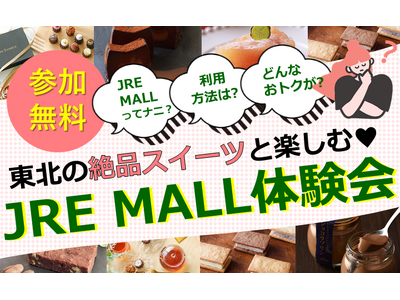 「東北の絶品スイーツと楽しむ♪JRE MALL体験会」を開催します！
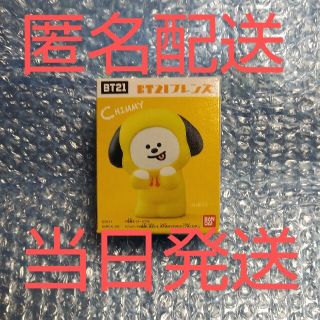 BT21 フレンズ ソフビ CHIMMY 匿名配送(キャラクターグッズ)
--
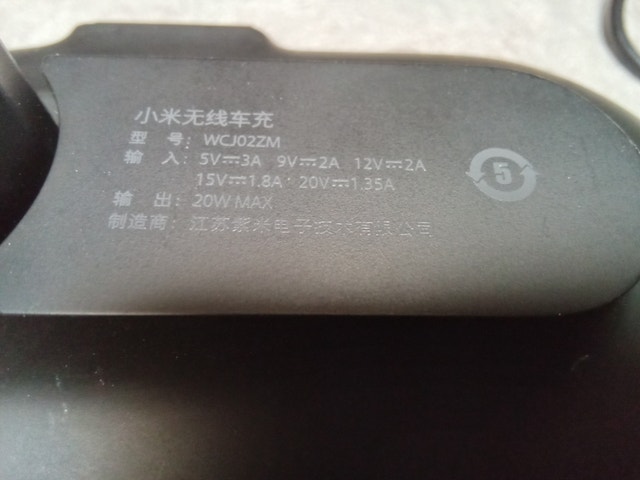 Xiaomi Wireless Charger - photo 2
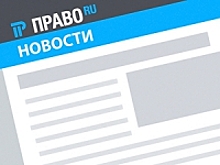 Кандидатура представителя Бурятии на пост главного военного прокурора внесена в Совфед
==
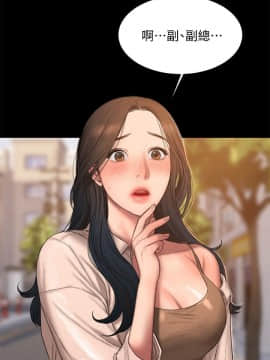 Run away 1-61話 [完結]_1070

WORK ITEM - Give exactly the lines above that run from the line with "Xiaomi Wireless Charger - photo 2" to the line with "Кандидатура представителя Бурятии", both included, leaving every picture out.

EXPECTED ANSWER -
 Xiaomi Wireless Charger - photo 2
 Кандидатура представителя Бурятии на пост главного военного прокурора внесена в Совфед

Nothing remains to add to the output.